Additive Combinatorics (Topics in Number Theory)    NUT2B
This is an alternative syllabus for NUT2A  

Instructor: Dr. Antal BALOG

Text: Instructors handout.
Reference text: T. Tao, V. Vu, Additive Combinatorics, Cambridge University Press, 2006 or M. B. Nathanson, Additive Number Theory, Inverse Problems and the Geometry of Sumsets, Springer Verlag, 1996.

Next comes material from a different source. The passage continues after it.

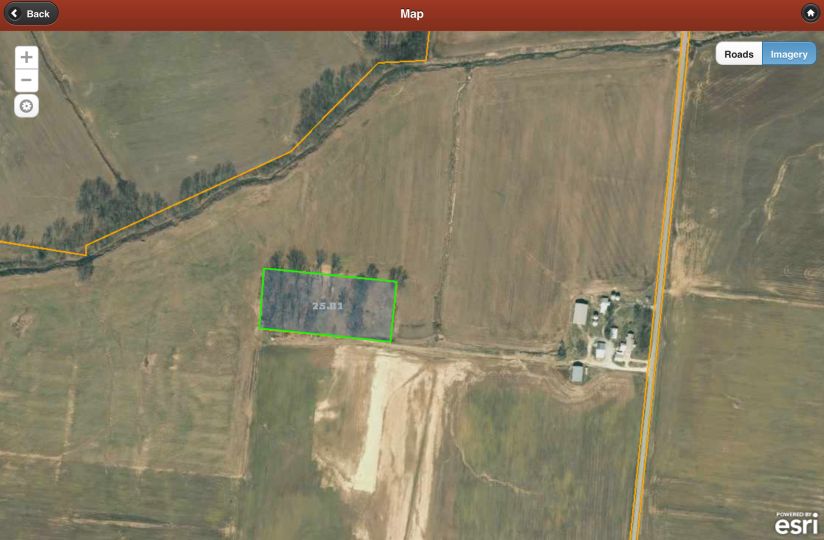 Rosson Cemetery Aerial view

Prerequisite: A first course of number theory; you must be familiar with prime numbers, divisibility and congruences. Algebra; you must be familiar with the basic concepts of linear algebra, and groups. Calculus; you must be familiar with functions, differential calculus, integrals. Combinatorics; you must be familiar with the basic concept of graphs, but no graph theoretic results are used in this course. Actually the course uses rather elementary tools with almost no prerequisite, still the arguments are going to be deep and involved sometimes.

Subject: Our aim is to give an introduction to Additive Combinatorics, one of the most recent and most dynamically developing branch of Number Theory. We will cover classical direct problems, such as Roth's Theorem about three term arithmetic progressions, as well as inverse problems, such as Freimann's Theorem about the classification of sets with small doubling. The most spectacular results of the subject, Szemeredi's Theorem about long arithmetic progressions in dense sets or Green--Tao's Theorem about long arithmetic progressions in primes are beyond the scope of a one semester course, but interested students get the necessary basis to continue their studies in this interesting field.